By that time, the 22-kilowatt-hour battery capacity was down to 11.3 kwh, and a warning light had been on continuously since July 2016.
I gave up on my first electric car, and switched to a Hyundai hybrid.
That’s exactly what two men—Better Place CEO, Shai Agassi and Carlos Ghosn, CEO of the Renault-Nissan Alliance—wanted to avoid.
“So what do you think of hybrids?” Agassi asked Ghosn.
“I think they make no sense,” Ghosn shot back. “A hybrid is like a mermaid: If you want a fish, you get a woman. If you want a woman, you get a fish.”
When I bought my electric car in 2012, I also signed up for a subscription to a service that should have let me drive anywhere in Israel, pausing only for a 5-minute battery switch if I needed to drive further than the car’s 100-mile (160-km) range.
The reality was more like 120 km (75 miles) of range, the switch stations and public infrastructure disappeared after about two years, and my Renault’s battery condition collapsed to less than 50 percent of its rated capacity in less than four years.
The story of the collapse of Better Place has now been told in a new book by a fellow Better Place driver, Brian Blum (Amazon).
In Totaled: The Billion dollar crash of the startup that took on big auto, big oil and the world, Brian has provided a great deal of background to the story that even I hadn’t known.
The book manages to present a coherent story while packing in a huge amount of detail from numerous behind-the-scenes interviews conducted by the author.
I came relatively late to the idea of Better Place, and I came with huge skepticism.
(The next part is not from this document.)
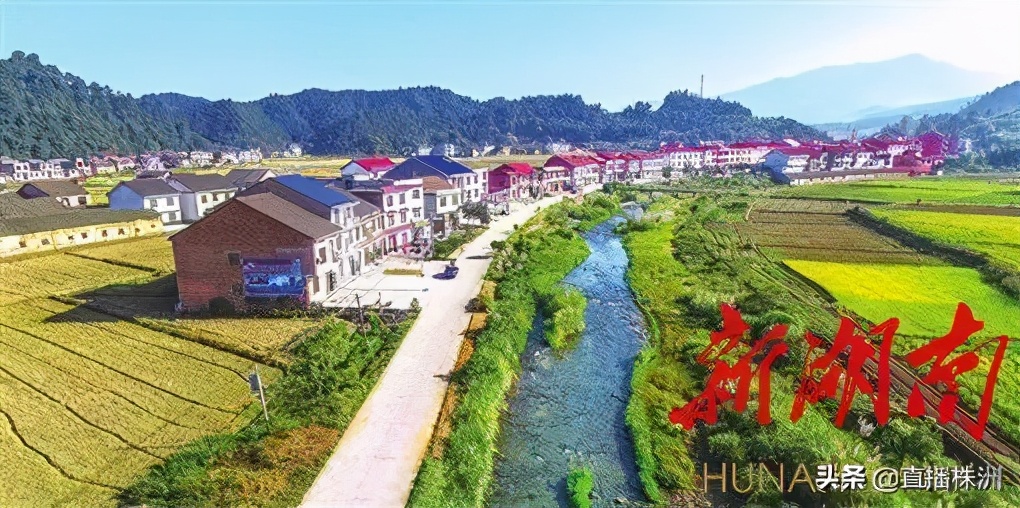 湖南日报最新新闻报道,湖南日报视频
The book tells the complete story, from the start of Agassi’s idea to accelerate the move toward electric cars, through the adoption of battery switching as the answer to range problems, and into the massive fund-raising, spending, and eventual collapse.
The only significant actor in the story who didn’t speak to Brian Blum was the enigmatic Shai Agassi. He was the driving force behind the entire idea, but has said barely anything in the years since its May 2013 collapse.
He had already been fired from Better Place in October 2012, several months before.
Only after the book came out did he give an interview (in Hebrew) in which he contradicts some of the book’s claims and appears to throw considerable blame at the Israeli Government.
Certainly the Israeli Government never completely supported Better Place. However, Totaled lays a fair amount of blame for the eventual failure on Agassi himself.
Personally, after reading the book, I’d liken the reasons for the failure to those of an air crash: there may have been no single error, but a collection of compounding decisions and changes in the business environment caused the failure.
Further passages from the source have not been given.